Anyone can see that the "cannibalism" charge is false, just by looking at what cannibalism is: the eating of body parts of a dead human body. This is not what Communion is about at all: what we receive is, not "parts," but the whole Christ and all that He is: living, entire, Body, Blood, Spirit and Divinity. It is union with the Living Christ.

This is not susceptible to what the Scriptures call "fleshly" or "carnal" verification: which means, that the methods of natural investigation, testable hypothesis, scientific observation and so forth, would find in the consecrated Host only the properties of bread; and in the consecrated contents of the chalice only the properties of wine.

Recall for a moment when Jesus asked His disciples "Who do men say that I am?" and Peter answered, "You are the Christ, the Son of the Living God." Jesus commended him: "Flesh and blood have not revealed this to you, but My Father in Heaven." This means that our "fleshly" thinking, natural reason, does not avail to tell us who, what, where, or how Christ really is.

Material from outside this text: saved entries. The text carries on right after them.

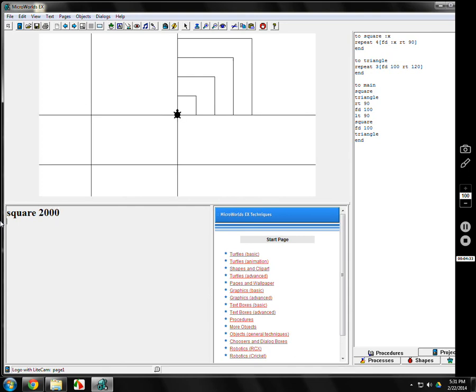Well, it makes a square, but it goes off the page and wraps around. So now your square program needs a number after it. Every time you need a square program, you've got to have a number. But it'll make any size you want. What happens if we put square 1? Well, you don't see it, but it made it.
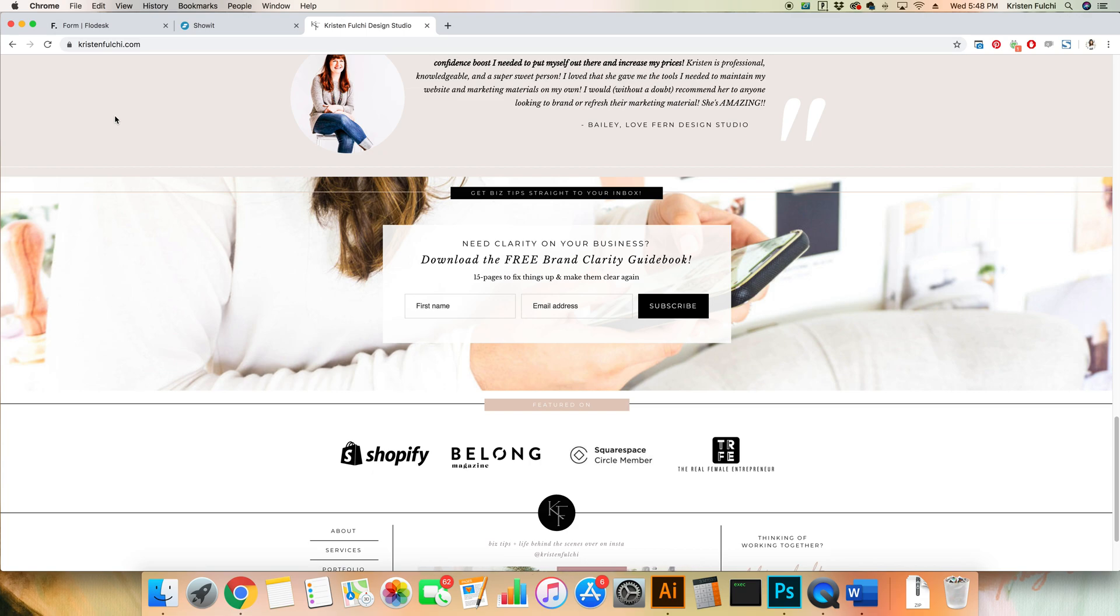Hi and welcome! I'm Kristin, the Brand Strategist, Website Designer, and Commercial Photographer for Creative Businesses. Today I'm going to show you how to add your Flowdesk form to your ShowIt website.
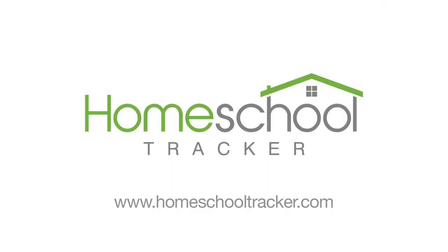Hi, this is Amy with Homeschool Tracker and welcome to our Getting Started Guide. In this video, we'll show you how to activate your account, set up your school, add students, and create your school year.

In the same way, Christ said that our "flesh" (our eyesight, our senses, or any scientific instrument) does not tell us of His Real Presence in the Eucharist: that can be known only by believing Him and grasping it by the power of the Spirit. Thomas Aquinas, one of the most powerful minds and one of the most stalwartly reasonable men who ever lived, put it beautifully in a hymn:

Godhead here in hiding, whom I do adore,
Masked by these bare shadows, shape and nothing more,
See, Lord, at Thy service low lies here a heart
Lost, all lost in wonder at the God thou art.

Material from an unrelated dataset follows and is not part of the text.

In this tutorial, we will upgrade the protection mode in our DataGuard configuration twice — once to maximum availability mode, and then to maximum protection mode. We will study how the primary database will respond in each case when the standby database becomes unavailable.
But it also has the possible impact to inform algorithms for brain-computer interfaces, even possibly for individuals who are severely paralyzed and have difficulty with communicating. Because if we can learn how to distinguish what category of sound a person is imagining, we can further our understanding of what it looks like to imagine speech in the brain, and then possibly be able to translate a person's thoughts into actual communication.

Seeing, touching, tasting are in thee deceived:
How says trusty hearing? that shall be believed;
What God's Son has told me, take for truth I do;
Truth Himself speaks truly or there's nothing true.

(That's worth clicking on to get the whole thing: I could sing it for you if I could figure out how to transmit my voice through a computer!)

So here's the important thing: in Communion you will not be smelling the scent of blood or tasting ragged muscle tissue; but you will nevertheless be eating His flesh and drinking His blood because He said so.

88 posted on 07/12/2008 1:01:47 PM PDT by Mrs. Don-o ("Christ said, 'I am the Truth'; not 'I am the custom.'"-- St. Toribio)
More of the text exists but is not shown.